§ Problem to work on:
All pictures must be left out as you transcribe the lines from the first line of the data to the line containing "Декор 30 лет", both included.

******

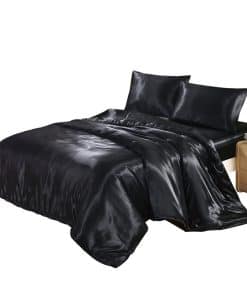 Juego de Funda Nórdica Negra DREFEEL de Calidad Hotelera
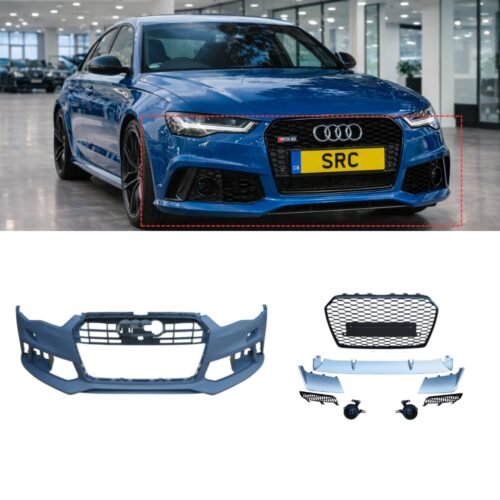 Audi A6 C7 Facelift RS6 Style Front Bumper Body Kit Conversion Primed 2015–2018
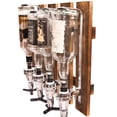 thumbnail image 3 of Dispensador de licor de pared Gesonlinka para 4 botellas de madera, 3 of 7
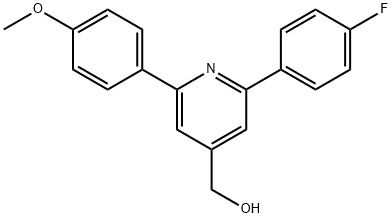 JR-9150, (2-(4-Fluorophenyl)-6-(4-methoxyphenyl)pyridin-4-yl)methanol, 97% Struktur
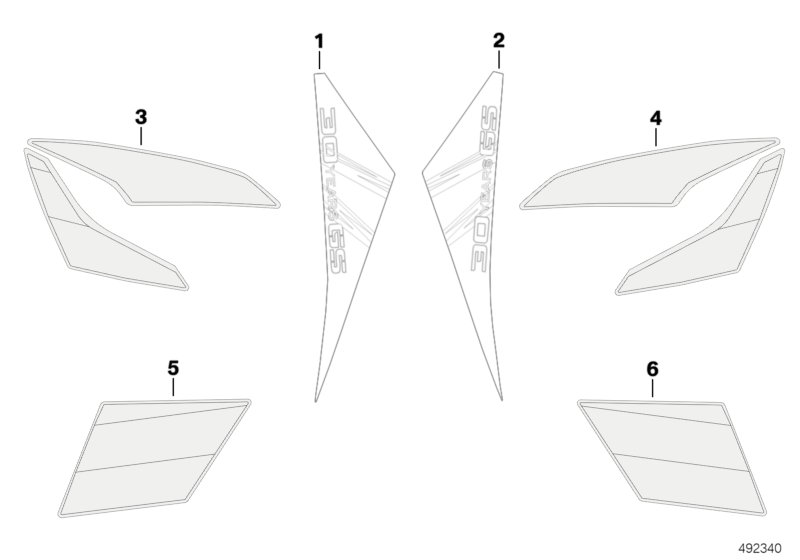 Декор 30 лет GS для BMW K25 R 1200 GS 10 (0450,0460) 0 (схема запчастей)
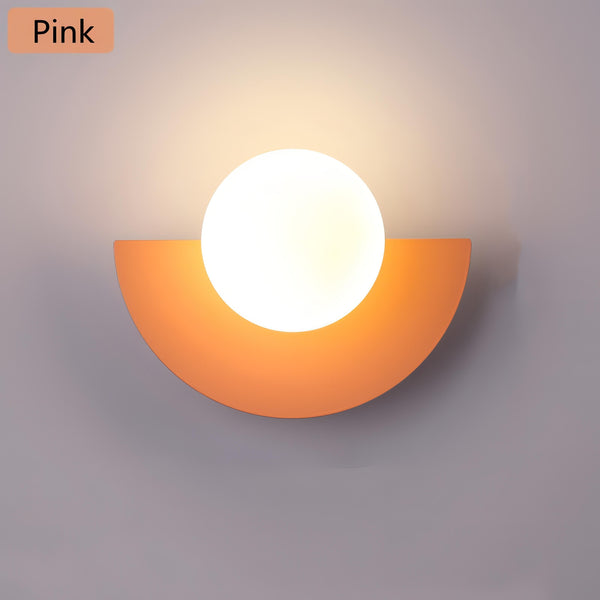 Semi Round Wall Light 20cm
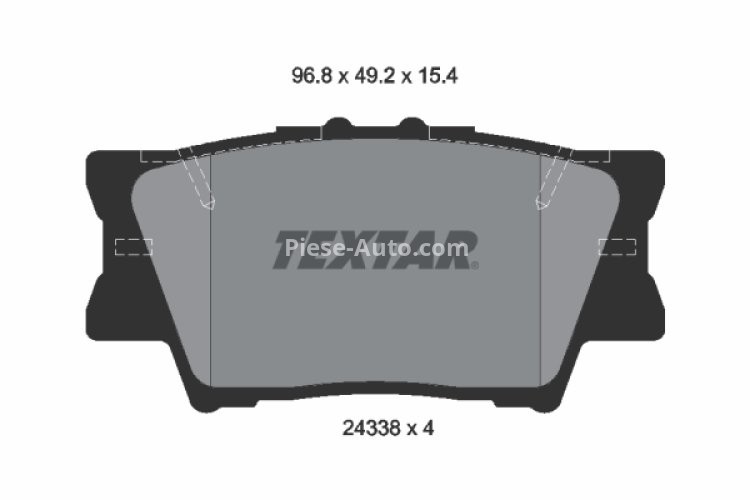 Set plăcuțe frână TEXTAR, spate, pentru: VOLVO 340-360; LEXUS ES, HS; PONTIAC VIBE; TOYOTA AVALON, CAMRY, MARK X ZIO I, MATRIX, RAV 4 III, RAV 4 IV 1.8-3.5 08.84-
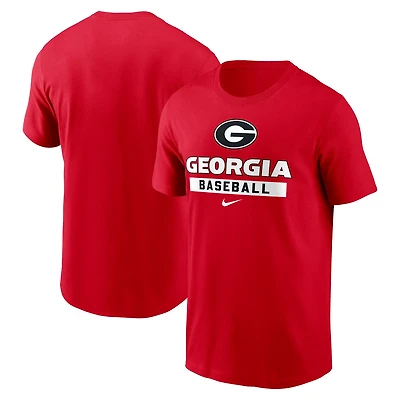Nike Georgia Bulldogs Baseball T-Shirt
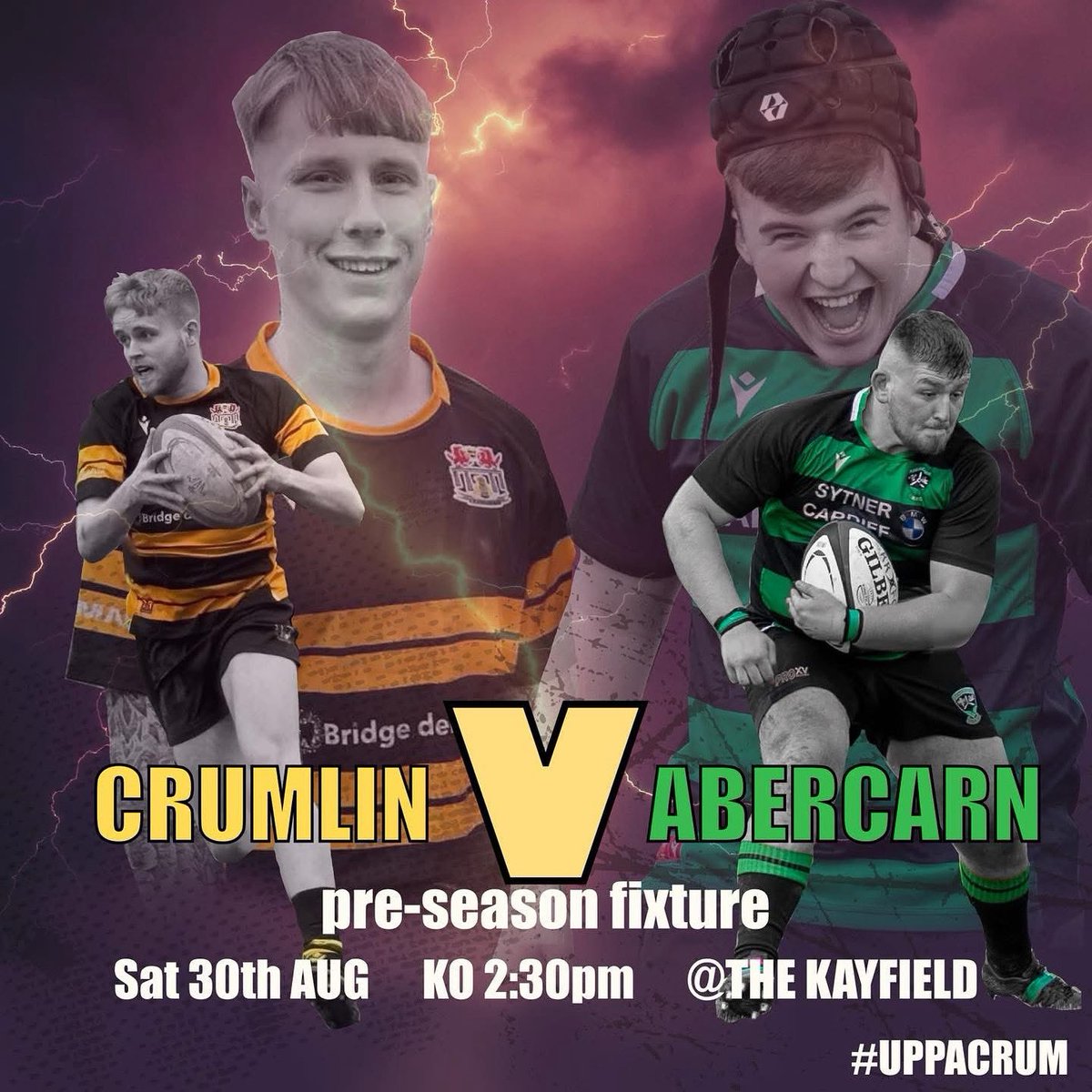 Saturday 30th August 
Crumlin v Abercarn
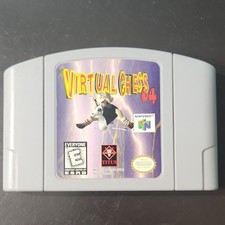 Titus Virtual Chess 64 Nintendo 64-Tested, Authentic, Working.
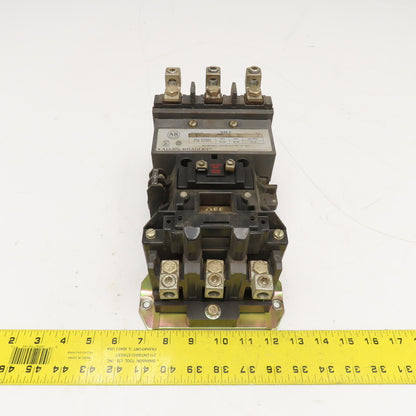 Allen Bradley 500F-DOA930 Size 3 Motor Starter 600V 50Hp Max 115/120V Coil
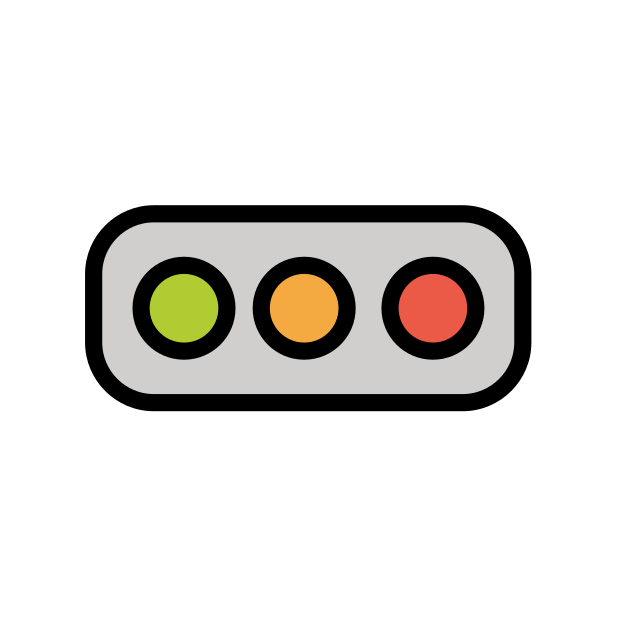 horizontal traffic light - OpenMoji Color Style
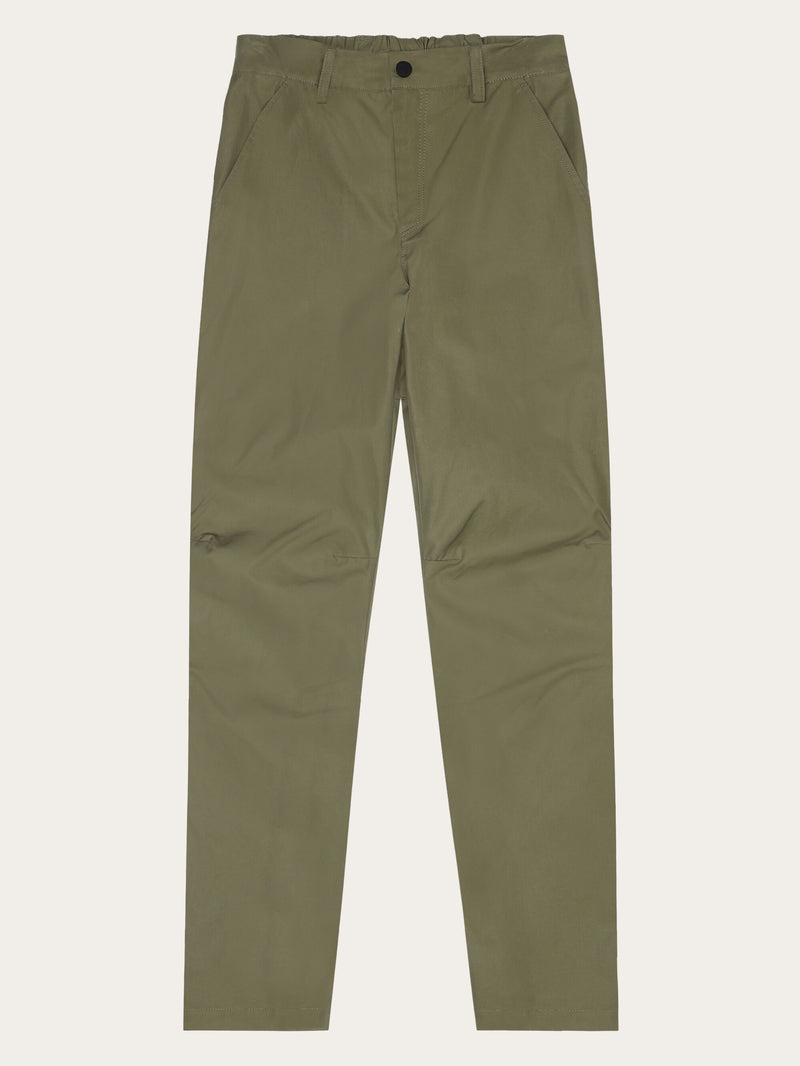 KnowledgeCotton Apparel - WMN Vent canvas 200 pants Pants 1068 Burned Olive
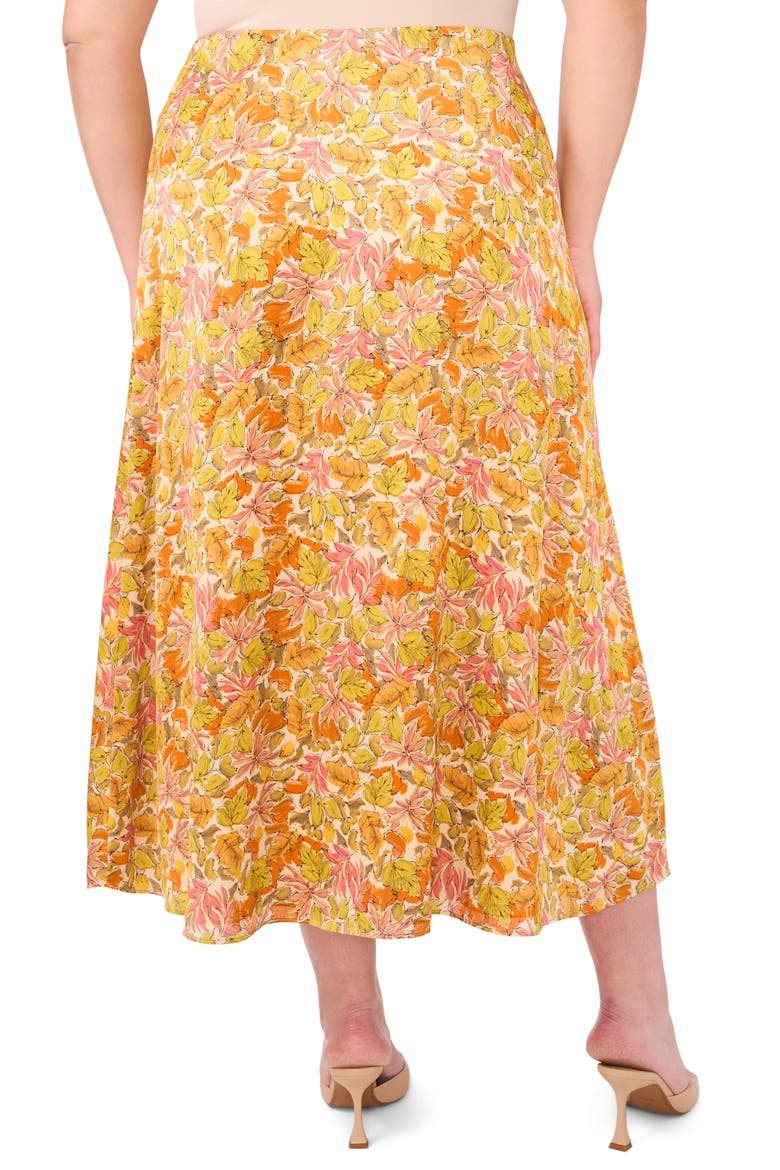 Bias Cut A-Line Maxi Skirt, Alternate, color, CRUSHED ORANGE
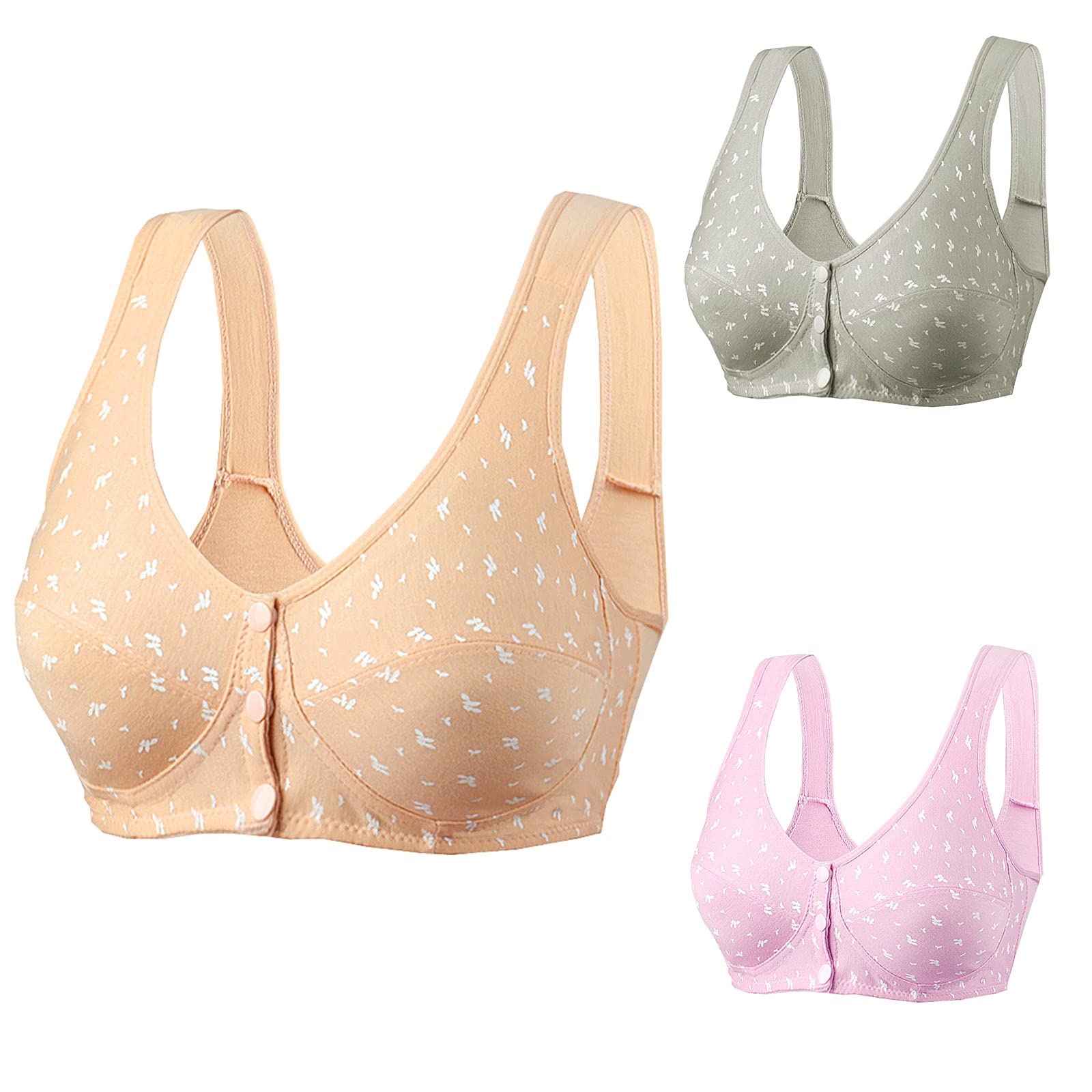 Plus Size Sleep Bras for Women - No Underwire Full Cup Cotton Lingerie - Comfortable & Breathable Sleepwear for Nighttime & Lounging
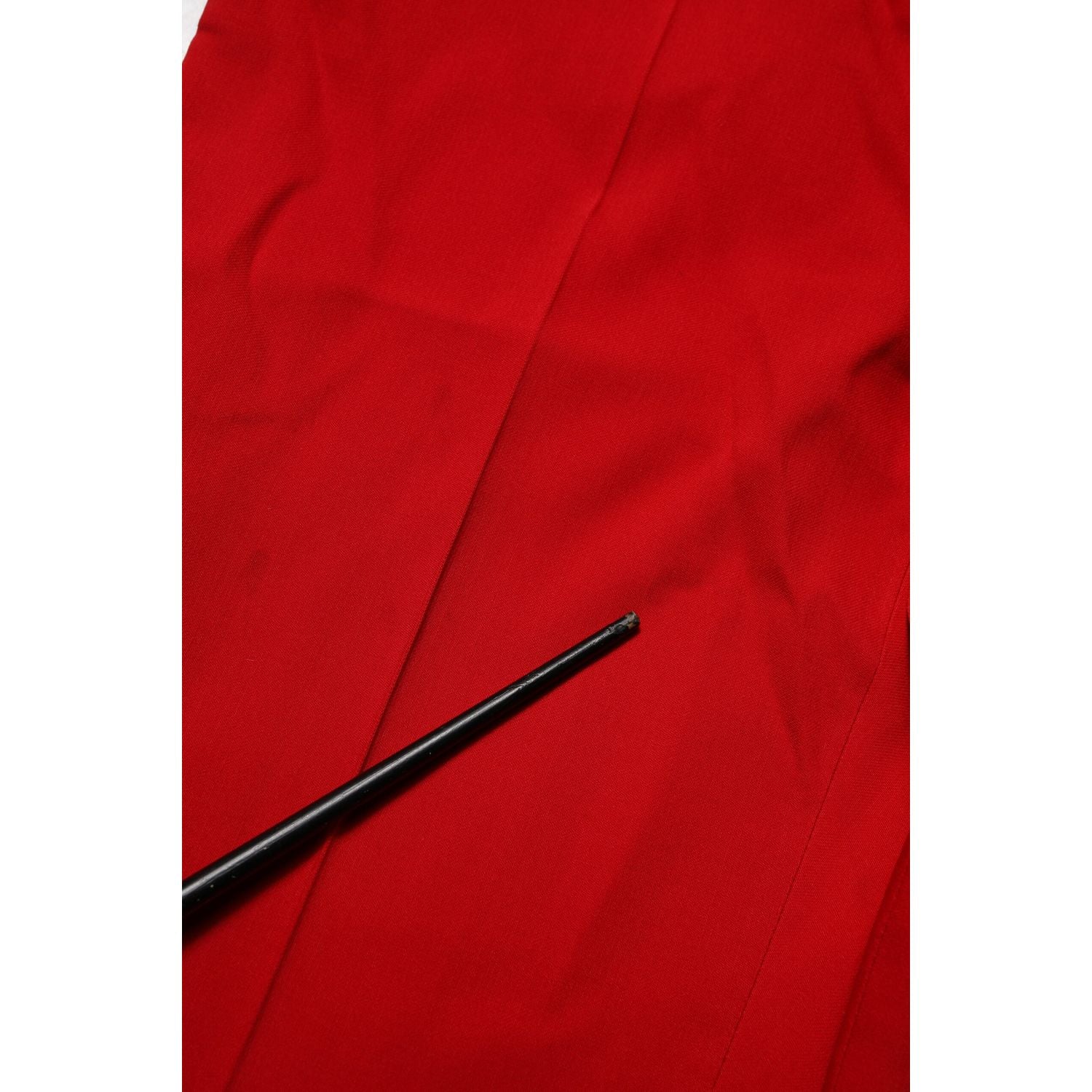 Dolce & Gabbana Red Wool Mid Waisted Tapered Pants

******

§ Solution:
 Juego de Funda Nórdica Negra DREFEEL de Calidad Hotelera
 Audi A6 C7 Facelift RS6 Style Front Bumper Body Kit Conversion Primed 2015–2018
 thumbnail image 3 of Dispensador de licor de pared Gesonlinka para 4 botellas de madera, 3 of 7
 JR-9150, (2-(4-Fluorophenyl)-6-(4-methoxyphenyl)pyridin-4-yl)methanol, 97% Struktur
 Декор 30 лет GS для BMW K25 R 1200 GS 10 (0450,0460) 0 (схема запчастей)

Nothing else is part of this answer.